Liquor Shop cleared in profiling case
Refusal to serve alcohol 'not a result of racial, ethnic discrimination': human rights panel
Evan Kiyoshi French
Northern News Services
Wednesday, December 9, 2015
SOMBA K'E/YELLOWKNIFE
The uptown Liquor Shop did not discriminate against an Inuit woman who was denied service after a cashier at the store deemed her to be intoxicated, the NWT Human Rights Adjudication Panel has ruled.
A NWT human rights panel ruled last staff at the Liquor Shop didn't refuse service to Bessie Kahak - seen here with her spouse Don Mercredi in May 2014 - because she is Inuit.
NNSL file photo |
The ruling comes more than a year after Bessie Kahak filed a complaint alleging staff refused to sell her beer after assuming she was associated with a pair of other Inuit women who were also denied alcohol on the evening in question.
Kahak told Yellowknifer last year she had entered the Stanton Plaza store on March 15, hoping to buy beer to share with friends that evening. When she reached the till the cashier told her she was intoxicated. She said two women from her home community - who had been drinking - were sitting outside the shop but she herself had not been drinking.
In his decision handed down Nov. 24, adjudicator Louis Sebert concluded "staff may have erred in coming to the conclusion (that Kahak was intoxicated) but the error, if any, was not as a result of any racial or ethnic discrimination towards the complainant.
"I find no evidence the refusal to serve was related to the complainant's ethnic or racial background and therefore dismiss the complaint."
Two Liquor Shop staff members delivered testimony in a "straightforward manner and appeared to recall clearly the incident that gave rise to this," he stated, adding staff followed procedures set out in the NWT Liquor Act and by the store.
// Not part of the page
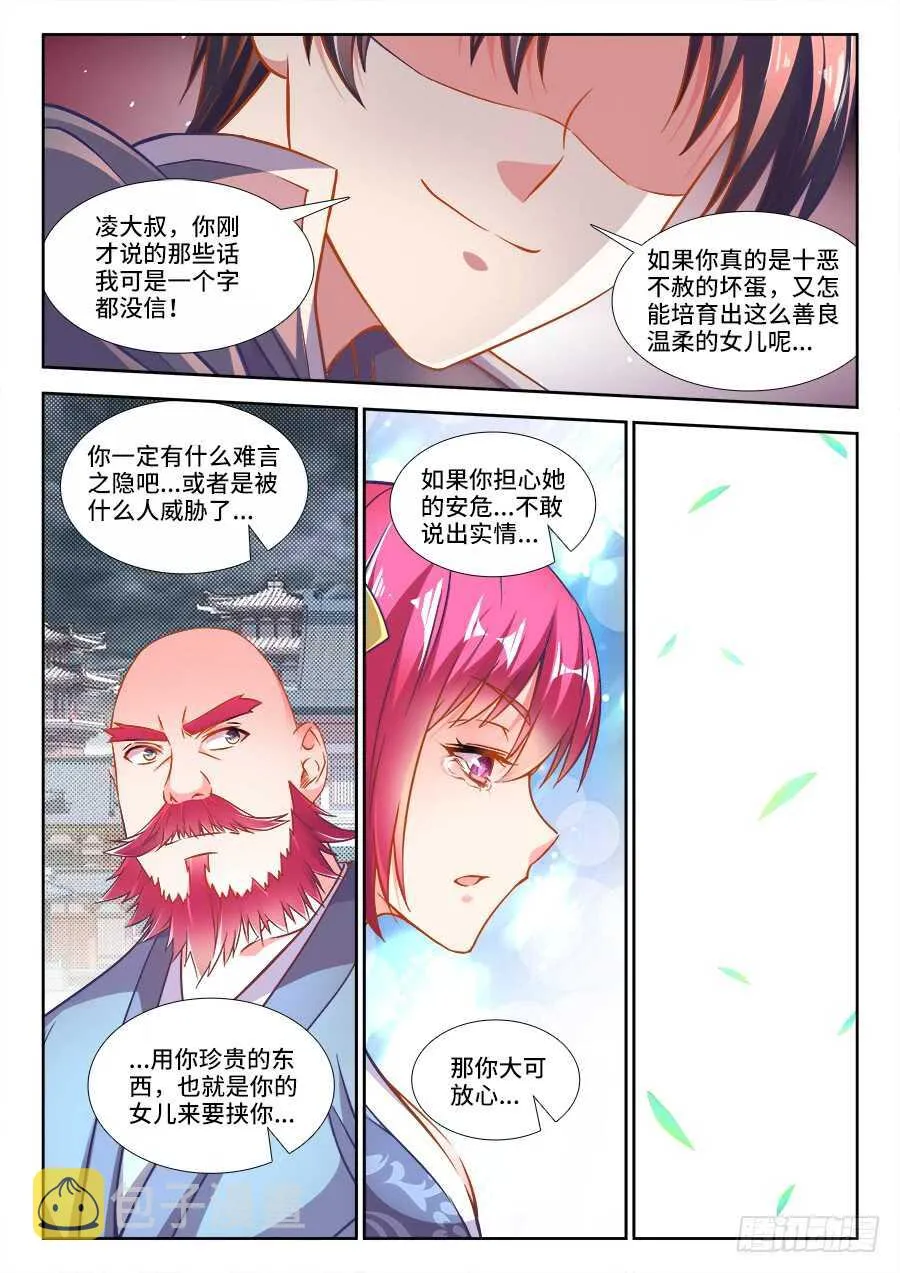 273、抓捕 第11页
"It is clear the store serves a great number of customers from all racial and ethnic backgrounds and that very few customers are refused service," wrote Sebert. "Both witnesses were very confident in their ability to properly determine the intoxication, if any, of customers and did not seem to accept that an error could be made in evaluating customers. They concluded (Kahak) was intoxicated."
While the panel concluded that racial discrimination didn't factor into staff decision-making in the incident, he did find the Liquor Act was lacking in specific cultural training for liquor store staff in the territory.
"The absence of specific training does not mean that staff are insensitive to cross-cultural issues but the Liquor Commission may wish to examine this issue when policies are reviewed," he wrote.
The Liquor Shop had asked to be reimbursed $5,000 in court costs, arguing the case was frivolous and vexatious and had affected the business financially when the controversy was reported in the press. The store also complained that Kahak had missed several hearing dates and initially did not have a lawyer which prolonged the case. Sebert ultimately refused to award costs.
"I do not find that this matter has been frivolously or vexatiously prolonged by the conduct of the complainant," wrote Sebert.
"(Kahak) clearly felt strongly about this matter and did seek and finally obtain representation."